(Goal of the exercise) Scan the records below for the line with "Hàn Quốc bé" and the line with "Frannie Leopard Chair", and retype that range exactly, both ends included, pictures excepted.

*** Extracted data ***

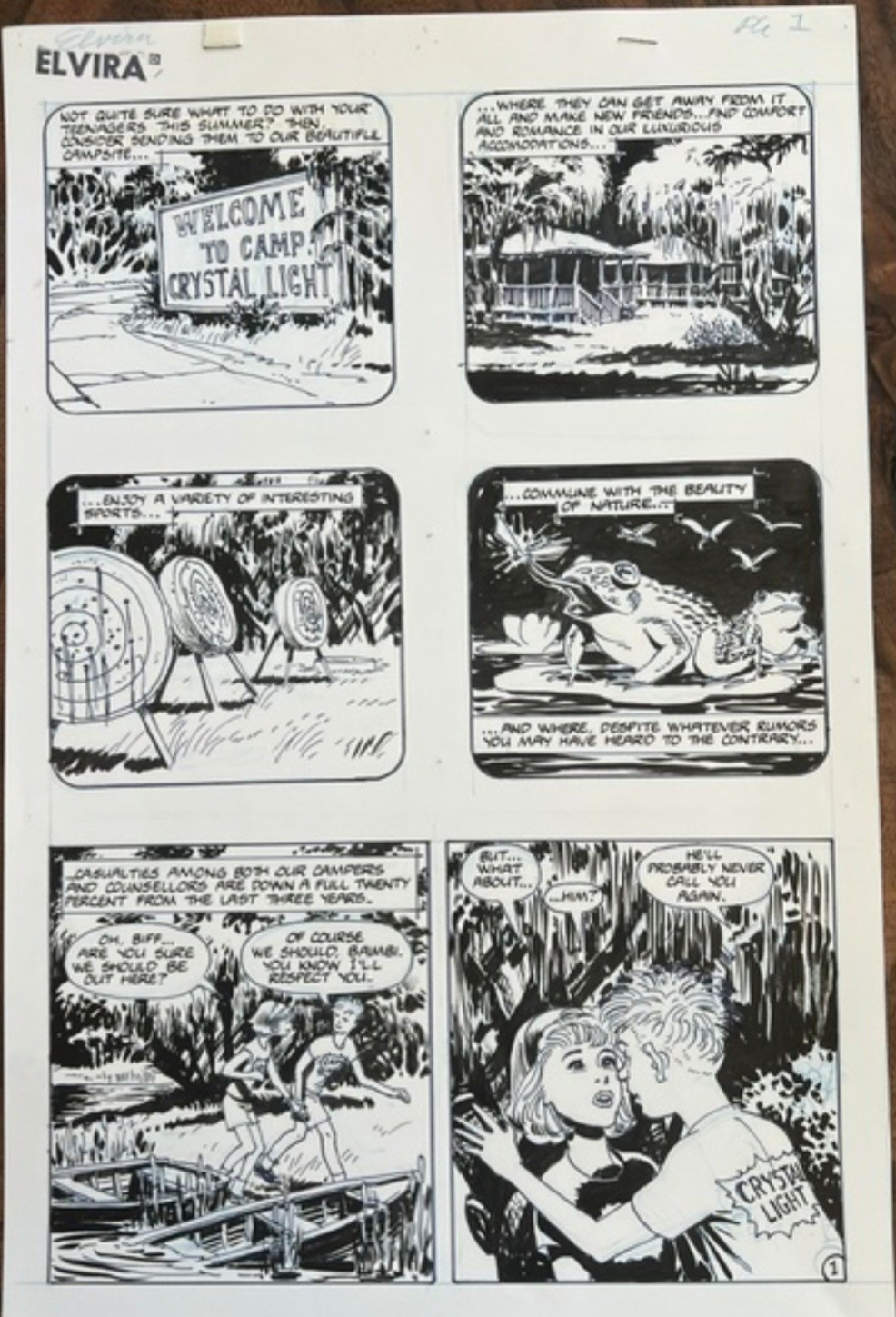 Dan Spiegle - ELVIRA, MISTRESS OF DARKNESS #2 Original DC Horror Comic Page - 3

***
*** Extracted data ***

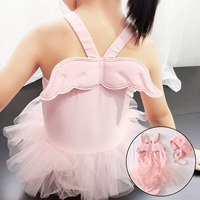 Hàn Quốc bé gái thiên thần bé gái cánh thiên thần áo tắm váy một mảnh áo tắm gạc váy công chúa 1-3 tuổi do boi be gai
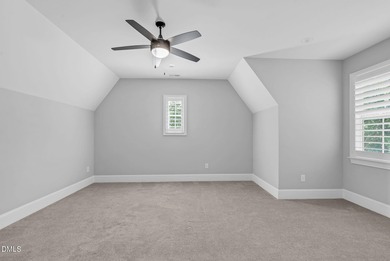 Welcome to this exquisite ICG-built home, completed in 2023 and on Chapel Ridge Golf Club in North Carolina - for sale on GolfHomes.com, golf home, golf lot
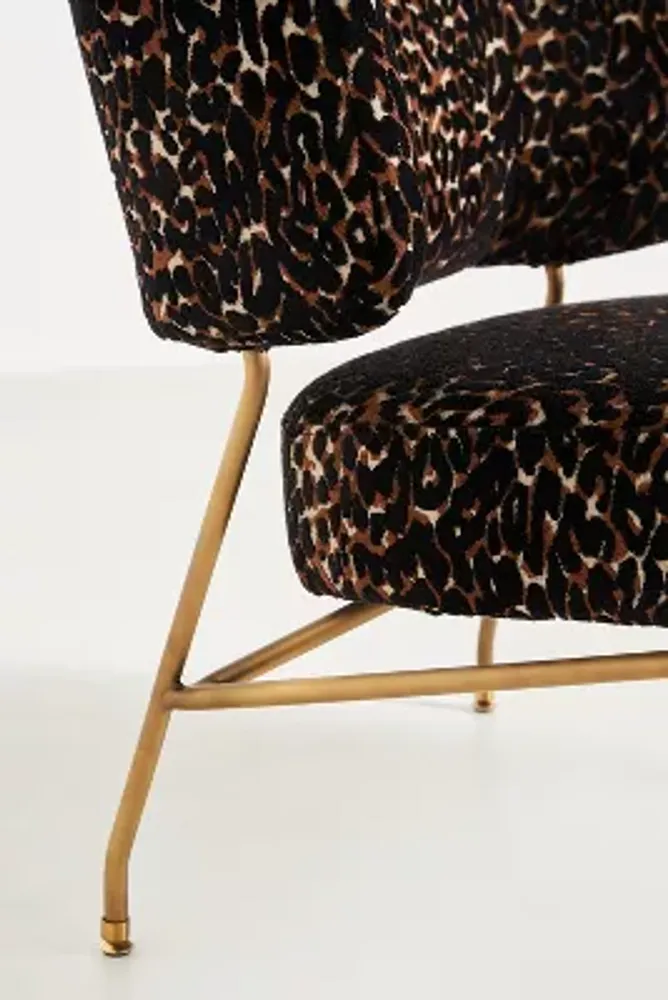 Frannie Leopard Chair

***
*** Extracted data ***

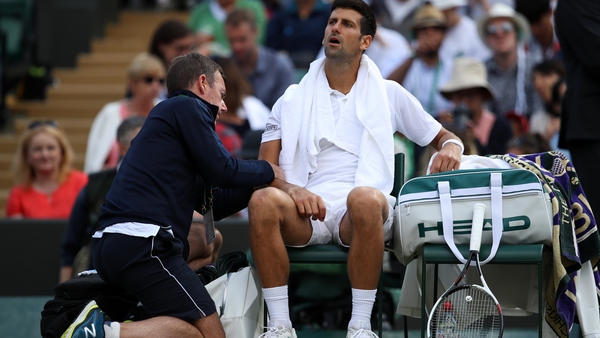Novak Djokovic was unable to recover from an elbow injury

***

(Result)
 Hàn Quốc bé gái thiên thần bé gái cánh thiên thần áo tắm váy một mảnh áo tắm gạc váy công chúa 1-3 tuổi do boi be gai
 Welcome to this exquisite ICG-built home, completed in 2023 and on Chapel Ridge Golf Club in North Carolina - for sale on GolfHomes.com, golf home, golf lot
 Frannie Leopard Chair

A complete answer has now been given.